Verrips constateert ook een duidelijke verandering met vroeger als om het Nederlandse uitvaarten gaat. “De calvinistische begrafenis zonder veel emoties is verleden tijd. Het lijkt alsof de doorsnee Nederlander iets geleerd heeft van zijn buitenlandse buurman. En misschien is de Creoolse begrafenis wel wat minder emotioneel aan het worden.”
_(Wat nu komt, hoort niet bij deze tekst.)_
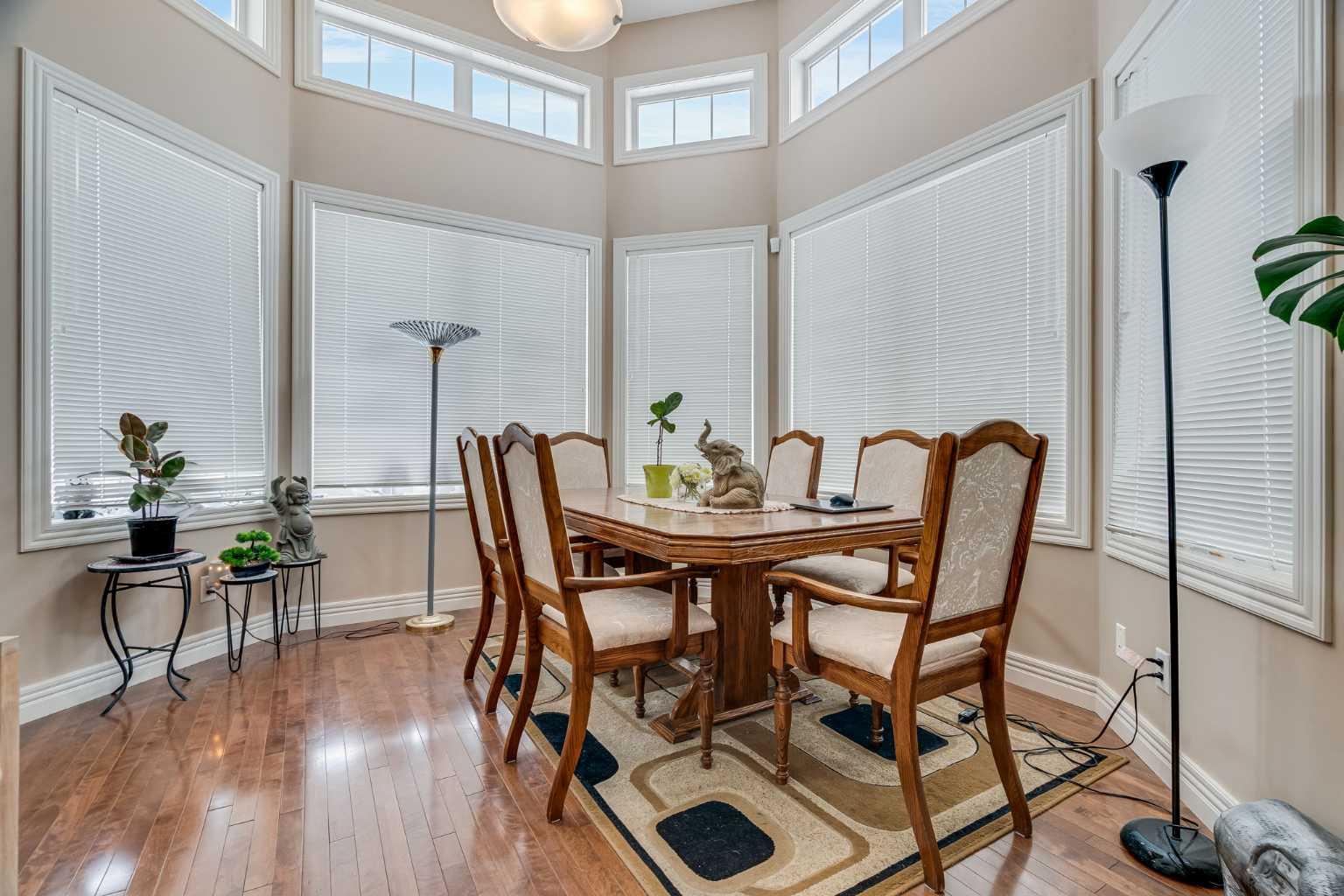 3 Royal Oak Plaza NW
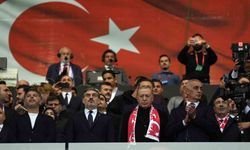 Cumhurbaşkanı Erdoğan’dan millilere destek! Gürcistan maçını tribünden izledi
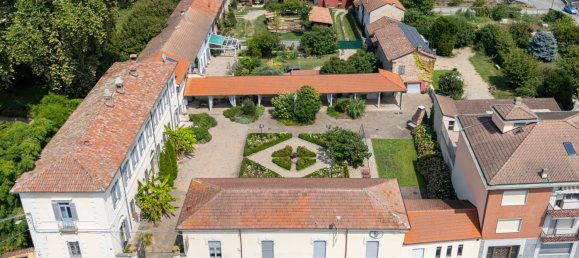 5 bedrooms Building in Villanova Monferrato, Italy No. 358162 2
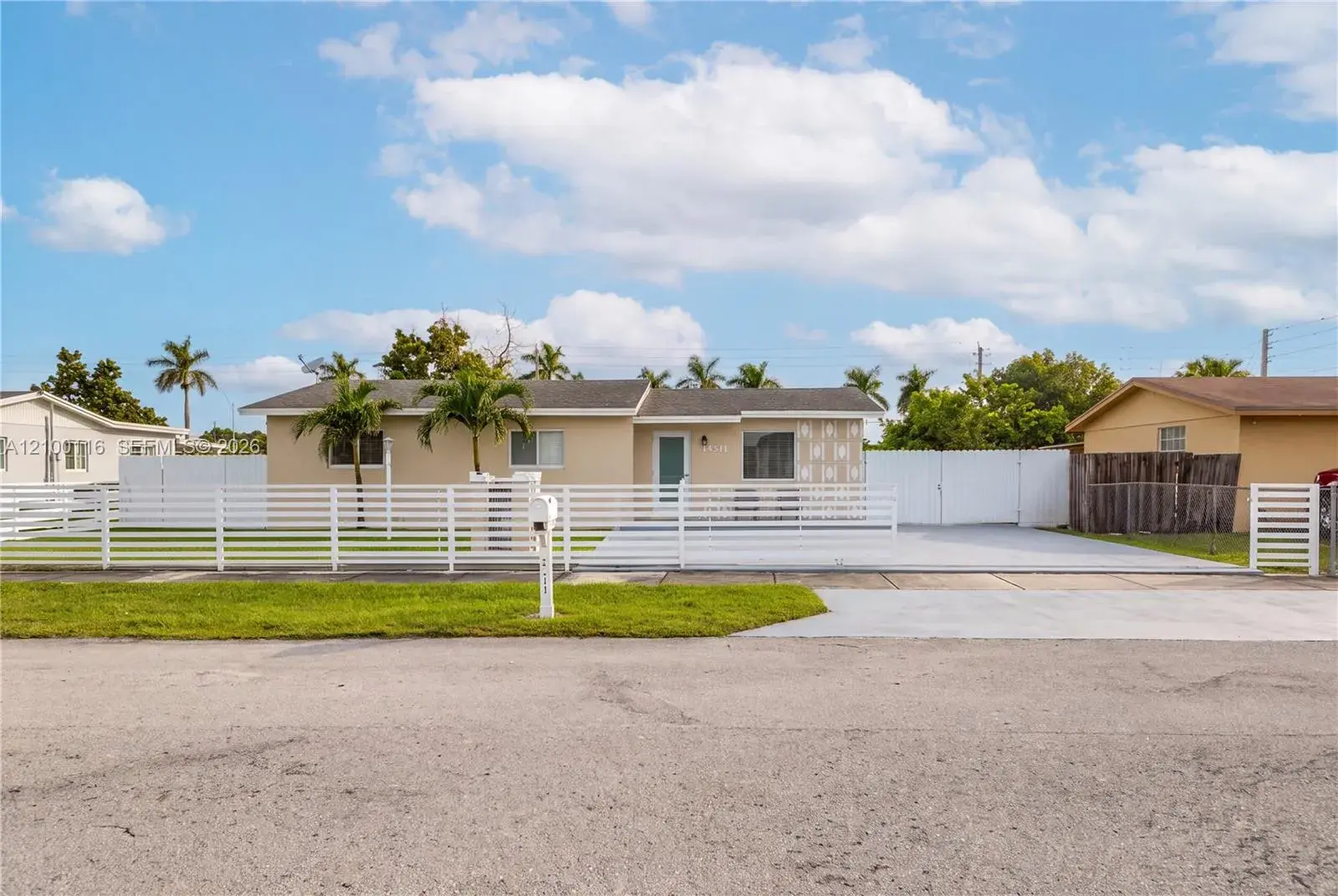 3 bedroom 2 bath Residential for sale at 14311 SW 289th St, Homestead FL 33033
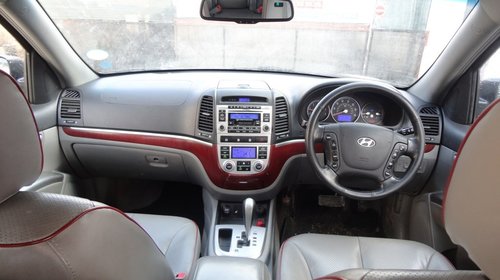 Dezmembrez Hyundai Santa Fe 2.2 110kw 150cp 2007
Alleen het balsemen, dat bij sommige Surinamers gebruikelijk is, begrijpt hij niet helemaal. “Voor mij is het balsemen een raadsel, het interesseert me ook niet echt. Op Westgaarde hebben we nog geen graven geruimd met gebalsemde lichamen dus ik weet niet wat het betekent voor het milieu. Het is ook een probleem voor de toekomst, want vooral protestant christelijke Surinamers, die zich veelal laten balsemen, kiezen voor eigen familiegraven die ze vaak meteen afkopen voor dertig, veertig of vijftig jaar.”

Pure alcohol
Balsemen gebeurt niet bij iedere Surinamer, de elite vindt het bijvoorbeeld afgoderij en laat zich niet bewassen. Eddie Caffé, Surinaamse Creool, werkzaam bij Coöperatie PC op de Amsterdamse Ookmeerweg en lid van de Evangelische Broedergemeente: “Het is een goed Creools gebruik om een dode te bewassen. Het heeft deels met onze religieuze achtergrond te maken. De meeste afleggers horen bij een kerk, zoals de evangelische broedergemeente, Lutherse kerk, de hervormde gemeente of de rooms-katholieke kerk.”
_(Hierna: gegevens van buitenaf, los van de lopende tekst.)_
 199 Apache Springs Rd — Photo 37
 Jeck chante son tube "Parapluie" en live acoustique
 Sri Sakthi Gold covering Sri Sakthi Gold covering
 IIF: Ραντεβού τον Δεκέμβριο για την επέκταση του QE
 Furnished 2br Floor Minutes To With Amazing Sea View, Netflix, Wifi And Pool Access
Er zijn 24 afleggers verenigingen die allemaal hun eigen rituelen, gebeden, en gezangen hebben, legt hij uit. “Bepaalde delen van het ritueel moet ik binnenskamers houden, maar tijdens het bewassen gaat elke handeling gepaard met het zingen van een lied. Bij het balsemen gebruiken wij een mixture van formaline, alcohol, glycerine en tabaksbladeren. Deze ingrediënten gaan de verrotting niet tegen, maar stoppen het proces enigszins.”
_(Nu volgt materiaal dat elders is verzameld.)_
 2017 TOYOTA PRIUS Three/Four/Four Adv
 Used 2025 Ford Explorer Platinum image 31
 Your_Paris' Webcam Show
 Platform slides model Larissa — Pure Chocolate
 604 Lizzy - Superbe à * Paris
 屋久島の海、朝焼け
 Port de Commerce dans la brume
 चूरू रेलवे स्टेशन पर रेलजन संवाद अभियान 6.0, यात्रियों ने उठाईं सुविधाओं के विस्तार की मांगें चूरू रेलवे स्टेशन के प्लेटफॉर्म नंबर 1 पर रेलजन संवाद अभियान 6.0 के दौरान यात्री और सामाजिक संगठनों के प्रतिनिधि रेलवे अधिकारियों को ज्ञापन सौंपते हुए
“We staan er om bekend dat we veel alcohol gebruiken, maar dat is helemaal niet noodzakelijk,” vervolgt Caffé. “Ikzelf drink helemaal niet en ik zit al verschillende jaren bij een afleggersgroep. Alcohol kan niet ontbreken bij een bewassing want de overledene wordt met veel alcohol ge- en bewassen. Het gaat dan om pure alcohol van negentig procent en als je dat drinkt verbrand je zowat.” Van de 24 afleggersverenigingen zijn er 18 waar niet gedronken wordt. Sommige nabestaanden vinden een begrafenis zo zwaar dat het gebruik van alcohol hen kan helpen om het te verwerken. Men maakt dan van de gelegenheid gebruik om veel te drinken, maar dat verschilt per begrafenis, vertelt hij. Een afleggersgroep mag in principe niet voor een bewassing betaald worden; ze ontvangen hiervoor een symbolische betaling van een brood, verpakt in folie en een theedoek. Het ritueel duurt anderhalf tot vijf uur. “Een andere kwestie is dat we graag weer terug willen naar het in één dag bewassen en begraven. Zo gebeurt het nu nog steeds in Suriname, maar in Nederland kan dat vaak niet om organisatorische redenen. Om zoals wij het op zijn Surinaams zeggen ‘dan scheur je maar in één keer’ te beperken willen we weer terug naar afscheid en begraven op dezelfde dag.”

Een Creoolse begrafenis wordt meestal voorgegaan door een kerkdienst met veel gezang. Bij de begrafenis is iedereen in het wit gekleed en de naaste familie heeft een hoofddoek, een anjisa op. “Onze rouwperiode is opgebouwd uit verschillende perioden. Het is gebruikelijk dat de familie na acht dagen en na zes weken na de stervingsdag bij elkaar komt. Hierbij wordt de kleding aangepast. De eerste acht dagen is die helemaal wit. Na veertig dagen draagt men een combinatie van zwart/wit. Vanaf die dag tot zes maanden na het overlijden mag naast het zwart-wit, ook de kleur paarsblauw gedragen worden. En na één jaar is de rouwperiode voorbij.”

Bij de begrafenis gaat vaak een bazuinkoor of een trompettist voor. Sommigen hebben tijdens het leven aangegeven dansend naar het graf gebracht te willen worden, vertelt Caffé. “Door bepaalde swingende pasjes geven de dragers aan dit ritueel uiting. Het is een oude gewoonte. Het wordt geapprecieerd als een troostgevende vorm van rouwverwerking: de nabestaanden worden zo ingenomen door het dansen zelf, dat ze hun verdriet even vergeten.”